Turns out, Obama’s used that exact language in practically every state he’s campaigned in since South Carolina.

Alabama

However, he rebutted efforts to besmirch his character in Birmingham, a cradle of the civil rights movement, where he addressed a cheering, racially mixed crowd of 10,000.

“That’s just the same dirty tricks. That’s old-style politics, trying to bamboozle you, trying to hoodwink you, running the okie-doke on you.”

“This election … it’s not a black or white issue, it’s not a young or old issue it’s a past issue versus a future issue,” Obama said in an impassioned speech at the University of Alabama. “… This is our moment. This is our time.

California

On stage in front of a “change” banner at a fund-raiser at the Avalon club in Hollywood, Barack Obama reprised his his ‘bamboozled” line last night for an audience that included celebrities. (Quentin Tarantino!). “It’s the typical response against a movement for change,” he said. “[It] happens, by the way, every time. It’s fascinating, you know, Bill Clinton was confronted with the same stuff back in the 90s. And now, you know, things go full circle.”

Missouri

Browsing the language news online recently, I found a lively debate under way at the MSNBC politics blog. The item sparking the discussion was a note on Barack Obama’s colloquial language; he was already telling voters not to be bamboozled or hoodwinked by his opponents, not to fall for the okey-doke. And in St. Louis, the MSNBC reporter said (mistakenly, it now appears), he added hornswoggled to the list.

Different context; don’t know where

Obama wants multi-year prison sentences for bankers and others who “hoodwink” poor people into homes beyond their means, and as with some in Congress, he wants bankruptcy judges to be able to change the terms of mortgage contracts.

Osh Kosh, WI

“They will try to bamboozle you, hoodwink you, run the okey-doke on you,” Obama likes to warn of his foes.

Boston, MA

I am not going to cower and quake because the big, bad Republican machine is coming. Because they practiced that old politics. Yes, we have had it with ???. We know the games, the tricks, the bamboozle.

 

Not only that, but look at this:

Camp Clinton shot back Tuesday that Obama was trying to hoodwink people into thinking Sen. Clinton, D-N.Y., doesn’t want to start pulling out. “Sen. Obama is mistaken,” said Clinton adviser Howard Wolfson, who fired off an e-mail listing Clinton’s repeated calls for a “phased redeployment.”

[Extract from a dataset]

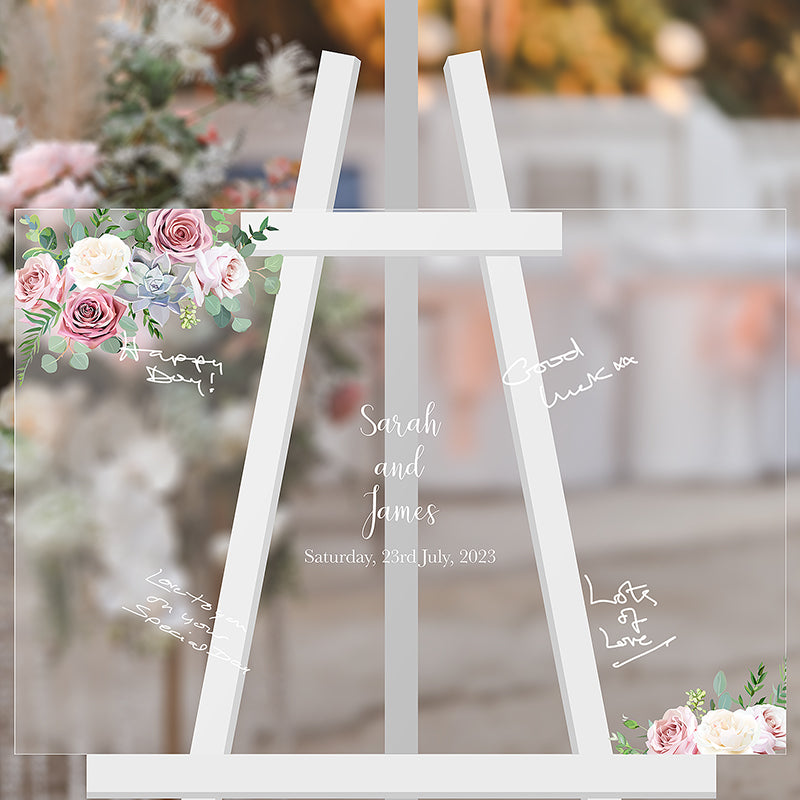 Dusky Pink Rose Acrylic Wedding Guest Book Alternative, Available in a Choice of Sizes, Made in the UK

And in South Carolina, Obama wasn’t saying anything about Clinton, just responding, in jest, to the absurd e-mails that were going around at the time. Although he did not accuse the Clinton campaign directly of smearing him on race and religion, Mr. Obama referred to emails that brand him a Muslim fifth columnist as part of a broad attempt to “hoodwink you”.

In the end, the only conclusion I can see as a dedicated Obamabot is that Taylor Marsh is the one who can’t see anything but race in this. Of course, the history of this is absurd as well:

Is hoodwink related to the KKK? one suspicious commenter ventured. No, or do I mean “duh”? Hoodwink is first recorded in 1562, some 300 years before the debut of the Klan. It meant, at first, “to blindfold” - “We’ll have no Cupid hoodwink’d with a scarf,” says Benvolio in “Romeo and Juliet” - and later “to fool, deceive.”

As for bamboozle, it was the trendiest new slang in London back when Jonathan Swift denounced it, in the Tatler, in 1710. It may or may not have been a favorite with the real Malcolm X, but Disraeli used it, and Walter Lippmann, and Frank Zappa. Not to mention Chris Matthews, who last year asked, “How can the president continue to bamboozle the public?”

A couple of blog commenters insisted that the combination of hoodwink and bamboozle was the giveaway; where else but in the “Malcolm X” speech would you find those “rare” words together?

Well, in Lord Greville’s memoir: “Palmerston never intended anything but to hoodwink his colleagues, bamboozle the French, and gain time” (1885). And in H.L. Mencken: “He does not merely tell how politicians hoodwink, bamboozle and prey upon the boobs; he shows precisely how” (1928). And even in “Some Facts about Treating Railroad Ties” (1912): “‘Quick high vacuum’…and other imaginary words, intended to mystify, hoodwink and bamboozle the uninitiated.”

Does this mean Obama’s not recalling, genuinely/cynically/naively, some of the language of Black America? Of course not. Is it still absurd that Taylor Marsh is bemoaning the media for not paying attention to Obama playing the “hoodwink” card…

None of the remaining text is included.